◆ **Task goal**: From the first line to the last, print the data exactly as it appears.

◆ **Source material**:

★ ★ ★

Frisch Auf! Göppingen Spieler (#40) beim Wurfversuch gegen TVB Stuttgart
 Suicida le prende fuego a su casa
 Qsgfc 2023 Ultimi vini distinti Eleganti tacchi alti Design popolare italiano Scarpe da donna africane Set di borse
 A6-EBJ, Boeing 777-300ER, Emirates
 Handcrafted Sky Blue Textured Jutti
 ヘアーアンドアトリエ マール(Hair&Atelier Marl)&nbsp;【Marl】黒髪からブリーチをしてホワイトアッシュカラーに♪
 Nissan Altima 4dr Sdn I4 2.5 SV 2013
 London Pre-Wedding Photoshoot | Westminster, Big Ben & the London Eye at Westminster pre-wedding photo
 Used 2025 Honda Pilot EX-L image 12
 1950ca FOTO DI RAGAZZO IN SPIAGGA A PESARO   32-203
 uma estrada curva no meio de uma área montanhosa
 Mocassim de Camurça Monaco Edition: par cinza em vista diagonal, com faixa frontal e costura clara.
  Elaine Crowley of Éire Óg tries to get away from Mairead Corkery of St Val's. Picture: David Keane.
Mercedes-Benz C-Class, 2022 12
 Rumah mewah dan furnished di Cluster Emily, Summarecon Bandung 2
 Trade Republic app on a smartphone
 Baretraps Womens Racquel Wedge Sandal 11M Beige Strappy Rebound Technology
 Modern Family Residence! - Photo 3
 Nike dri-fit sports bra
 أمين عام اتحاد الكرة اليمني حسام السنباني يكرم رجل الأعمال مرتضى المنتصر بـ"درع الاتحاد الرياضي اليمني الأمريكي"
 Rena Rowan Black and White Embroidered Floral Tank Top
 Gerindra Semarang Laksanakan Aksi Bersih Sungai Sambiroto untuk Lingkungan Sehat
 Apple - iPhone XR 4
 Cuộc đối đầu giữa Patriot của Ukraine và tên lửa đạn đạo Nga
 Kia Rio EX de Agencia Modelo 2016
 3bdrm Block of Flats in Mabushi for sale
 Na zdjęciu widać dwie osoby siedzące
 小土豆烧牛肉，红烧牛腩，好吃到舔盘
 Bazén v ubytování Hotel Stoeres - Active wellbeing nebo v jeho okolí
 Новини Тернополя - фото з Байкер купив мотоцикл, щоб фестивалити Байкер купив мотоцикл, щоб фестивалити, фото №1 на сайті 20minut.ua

★ ★ ★

◆ **Task response**:
Frisch Auf! Göppingen Spieler (#40) beim Wurfversuch gegen TVB Stuttgart
 Suicida le prende fuego a su casa
 Qsgfc 2023 Ultimi vini distinti Eleganti tacchi alti Design popolare italiano Scarpe da donna africane Set di borse
 A6-EBJ, Boeing 777-300ER, Emirates
 Handcrafted Sky Blue Textured Jutti
 ヘアーアンドアトリエ マール(Hair&Atelier Marl)&nbsp;【Marl】黒髪からブリーチをしてホワイトアッシュカラーに♪
 Nissan Altima 4dr Sdn I4 2.5 SV 2013
 London Pre-Wedding Photoshoot | Westminster, Big Ben & the London Eye at Westminster pre-wedding photo
 Used 2025 Honda Pilot EX-L image 12
 1950ca FOTO DI RAGAZZO IN SPIAGGA A PESARO   32-203
 uma estrada curva no meio de uma área montanhosa
 Mocassim de Camurça Monaco Edition: par cinza em vista diagonal, com faixa frontal e costura clara.
  Elaine Crowley of Éire Óg tries to get away from Mairead Corkery of St Val's. Picture: David Keane.
Mercedes-Benz C-Class, 2022 12
 Rumah mewah dan furnished di Cluster Emily, Summarecon Bandung 2
 Trade Republic app on a smartphone
 Baretraps Womens Racquel Wedge Sandal 11M Beige Strappy Rebound Technology
 Modern Family Residence! - Photo 3
 Nike dri-fit sports bra
 أمين عام اتحاد الكرة اليمني حسام السنباني يكرم رجل الأعمال مرتضى المنتصر بـ"درع الاتحاد الرياضي اليمني الأمريكي"
 Rena Rowan Black and White Embroidered Floral Tank Top
 Gerindra Semarang Laksanakan Aksi Bersih Sungai Sambiroto untuk Lingkungan Sehat
 Apple - iPhone XR 4
 Cuộc đối đầu giữa Patriot của Ukraine và tên lửa đạn đạo Nga
 Kia Rio EX de Agencia Modelo 2016
 3bdrm Block of Flats in Mabushi for sale
 Na zdjęciu widać dwie osoby siedzące
 小土豆烧牛肉，红烧牛腩，好吃到舔盘
 Bazén v ubytování Hotel Stoeres - Active wellbeing nebo v jeho okolí
 Новини Тернополя - фото з Байкер купив мотоцикл, щоб фестивалити Байкер купив мотоцикл, щоб фестивалити, фото №1 на сайті 20minut.ua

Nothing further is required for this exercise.